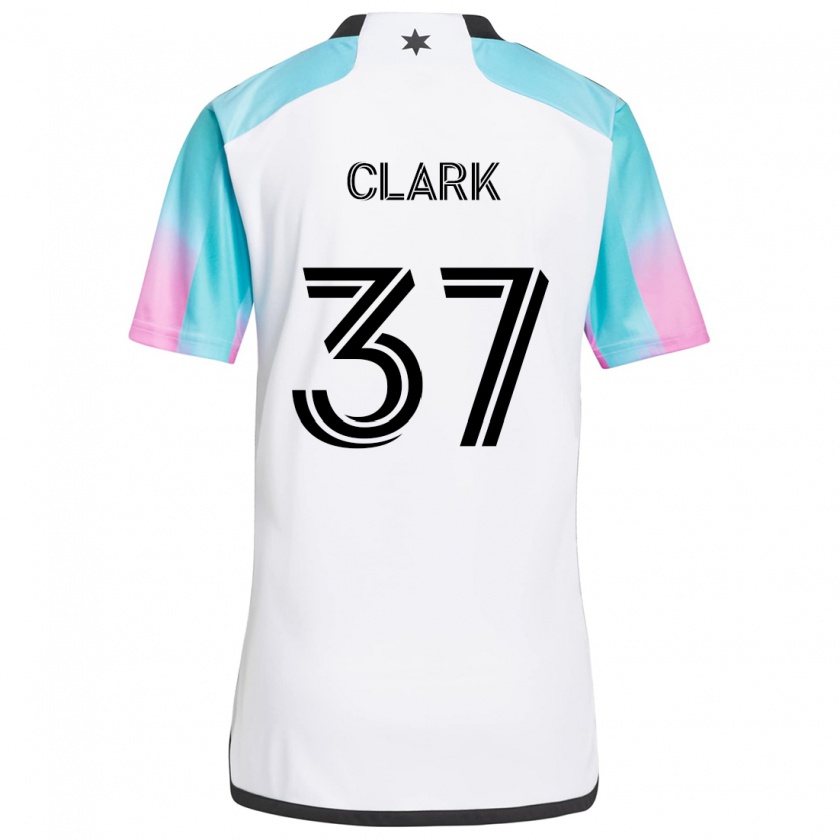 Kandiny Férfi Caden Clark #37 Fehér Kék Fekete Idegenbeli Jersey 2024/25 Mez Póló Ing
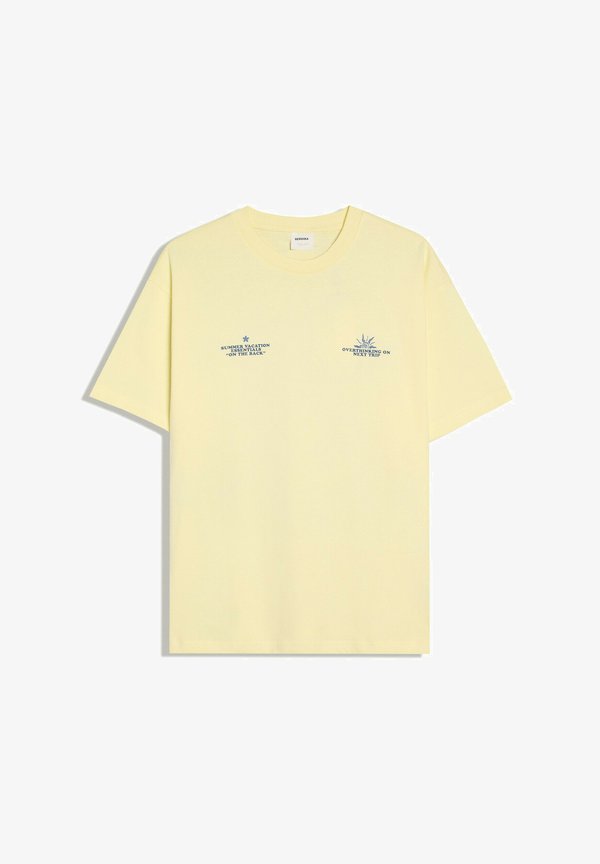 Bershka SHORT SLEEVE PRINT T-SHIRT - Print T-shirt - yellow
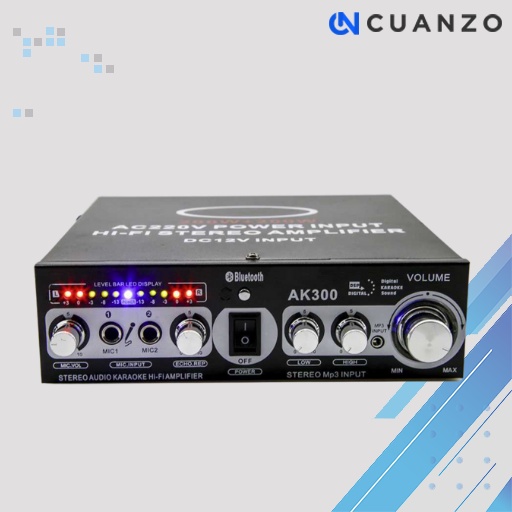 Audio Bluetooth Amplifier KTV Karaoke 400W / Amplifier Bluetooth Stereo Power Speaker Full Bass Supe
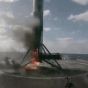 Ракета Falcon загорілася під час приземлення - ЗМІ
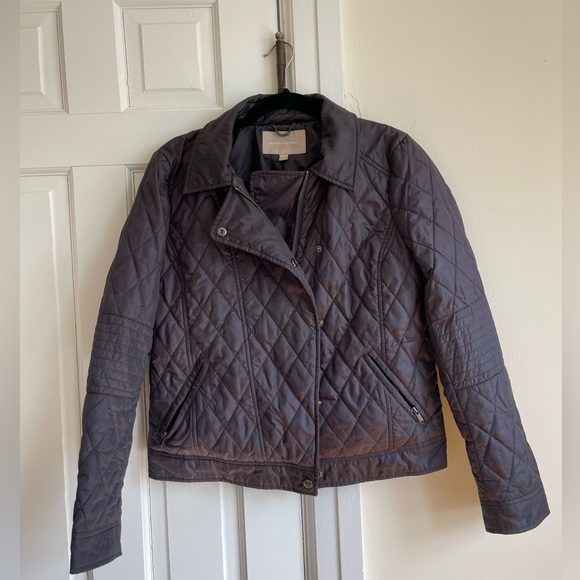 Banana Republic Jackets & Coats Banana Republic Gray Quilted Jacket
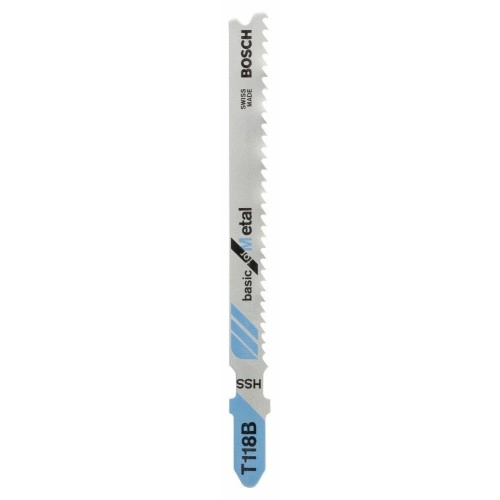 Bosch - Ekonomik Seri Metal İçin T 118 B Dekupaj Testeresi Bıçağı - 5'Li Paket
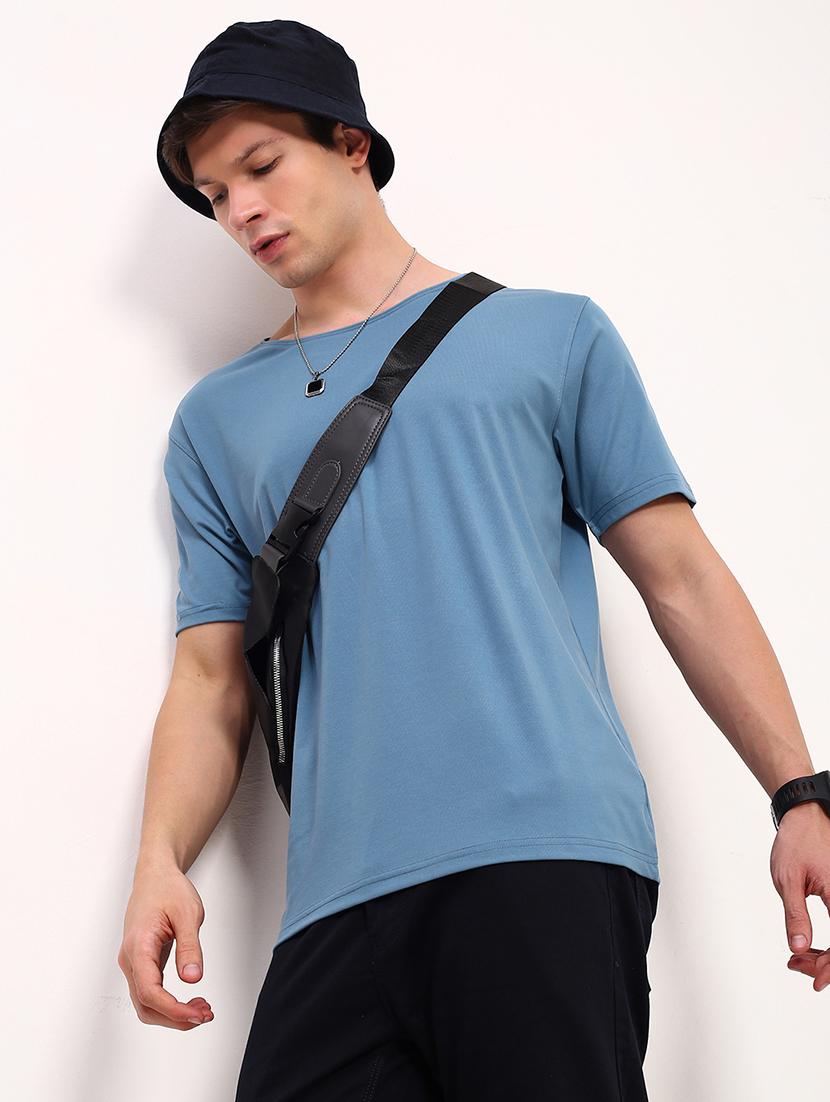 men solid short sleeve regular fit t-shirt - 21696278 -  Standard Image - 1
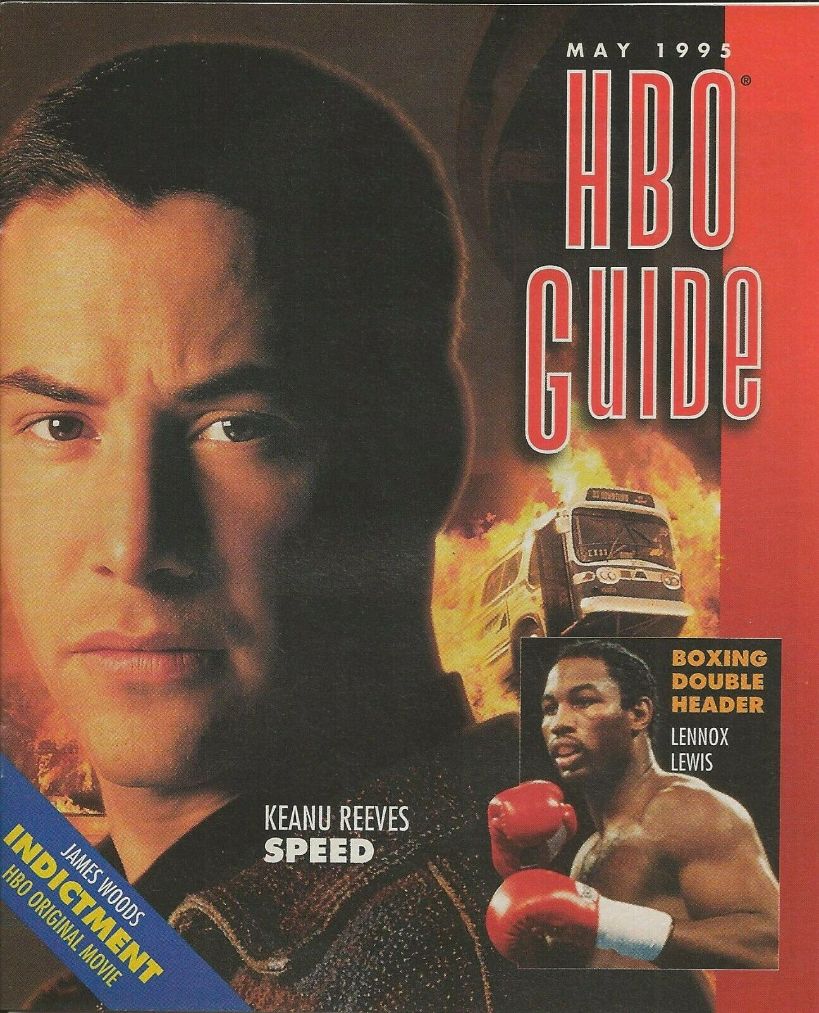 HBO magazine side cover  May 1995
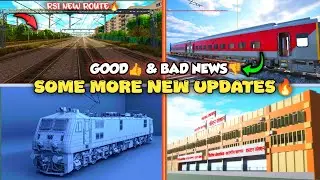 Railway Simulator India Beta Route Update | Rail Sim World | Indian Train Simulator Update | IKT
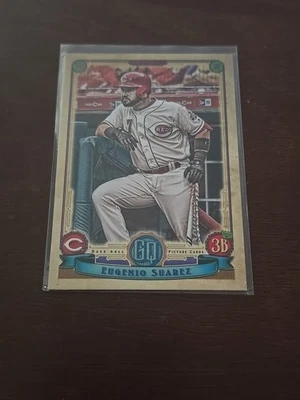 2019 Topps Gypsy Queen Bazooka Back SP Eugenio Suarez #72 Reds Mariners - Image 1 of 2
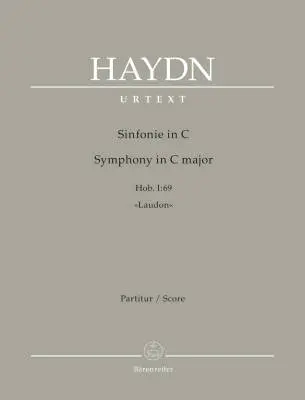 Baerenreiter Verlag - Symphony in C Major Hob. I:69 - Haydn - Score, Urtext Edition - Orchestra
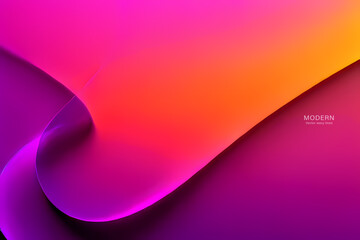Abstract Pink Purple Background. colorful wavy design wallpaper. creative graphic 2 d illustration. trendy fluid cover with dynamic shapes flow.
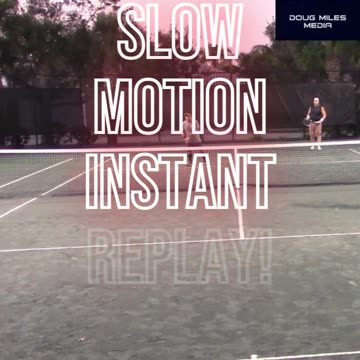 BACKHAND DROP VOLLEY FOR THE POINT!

——————

# Exercise instructions
Quote every record above exactly, omitting any pictures they contain.

# Task solution
 Kandiny Férfi Caden Clark #37 Fehér Kék Fekete Idegenbeli Jersey 2024/25 Mez Póló Ing
 Bershka SHORT SLEEVE PRINT T-SHIRT - Print T-shirt - yellow
 Audio Bluetooth Amplifier KTV Karaoke 400W / Amplifier Bluetooth Stereo Power Speaker Full Bass Supe
 Ракета Falcon загорілася під час приземлення - ЗМІ
 Banana Republic Jackets & Coats Banana Republic Gray Quilted Jacket
 Bosch - Ekonomik Seri Metal İçin T 118 B Dekupaj Testeresi Bıçağı - 5'Li Paket
 men solid short sleeve regular fit t-shirt - 21696278 -  Standard Image - 1
 HBO magazine side cover  May 1995
 Railway Simulator India Beta Route Update | Rail Sim World | Indian Train Simulator Update | IKT
 2019 Topps Gypsy Queen Bazooka Back SP Eugenio Suarez #72 Reds Mariners - Image 1 of 2
 Baerenreiter Verlag - Symphony in C Major Hob. I:69 - Haydn - Score, Urtext Edition - Orchestra
Abstract Pink Purple Background. colorful wavy design wallpaper. creative graphic 2 d illustration. trendy fluid cover with dynamic shapes flow.
 BACKHAND DROP VOLLEY FOR THE POINT!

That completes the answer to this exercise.